COLON, El Salvador (Reuters) – Each month, Salvadoran tailor Julio Ramirez receives a small wire transfer from his two daughters in the United States, who have to pay a few dollars in commission fees for the transaction.
As of this week, El Salvador’s government says its historic adoption of bitcoin as legal tender will save Salvadorans living abroad millions of dollars in transfer charges if they instead use the cryptocurrency to send their money home.
Over 2.5 million Salvadorans live abroad – mostly in the United States – and in 2020 they sent back almost $6 billion, equivalent to 23% of the country’s gross domestic product.
But Ramirez, who has a small workshop in Colon, a poor municipality 19 kilometers (12 miles) west of the capital, San Salvador, said neither he nor his daughters in California have any intention of using the digital currency. They view it as a liability.
“They say they’re not sending it that way because they think they might lose the money; that it won’t reach me,” the 60-year-old said. “We’re not planning to take the risk at any time.”
From Tuesday, Sept. 7, El Salvador will become the first country in the world to recognize the cryptocurrency as legal tender. President Nayib Bukele has said any Salvadoran can download the government digital wallet “CHIVO” – a local word meaning “good” – to accept payments in bitcoin or dollars. Having installed the app on their phones, they will be able to withdraw dollars from government-backed cash machines.
Polling suggests that Bukele, 40, is the most popular president in Latin America.

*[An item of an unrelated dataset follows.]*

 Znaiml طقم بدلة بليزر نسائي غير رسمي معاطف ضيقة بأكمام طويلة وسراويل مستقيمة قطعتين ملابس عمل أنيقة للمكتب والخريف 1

But three months after he launched his bitcoin plan, skepticism about it remains widespread https://www.reuters.com/technology/majority-salvadorans-do-not-want-bitcoin-poll-shows-2021-09-02, with surveys showing most Salvadorans opposed to its adoption.
Bukele argues the cryptocurrency will make Salvadorans better off and stresses that using it is optional in the impoverished, dollarized Central American country.
“Our people pay $400 million a year in commissions for remittances,” the president wrote on Twitter in August. “That saving alone will be a huge benefit for our people (or at least for those who want it).”
But Ramirez said that even if his daughters were charged “maybe $10 to $15 for every $100” sent home, bitcoin’s volatility and the lack of information on the currency meant it was not a viable option. The tailor said he receives about $150 a month.
Many Salvadorans polled in a recent Central American University study argue it will only benefit the rich, foreign investors, the government, business people and banks.
Reuters spoke to 10 Salvadorans who send or receive remittances, and only one, Los Angeles-based restaurant manager Salvador Amaya, 51, said he planned to use bitcoin.
“Everything is a risk. If you never take risks, you’ll never move forward,” he said by telephone. “I trust in our president, and if he’s doing it, it’s because he knows what he’s doing.”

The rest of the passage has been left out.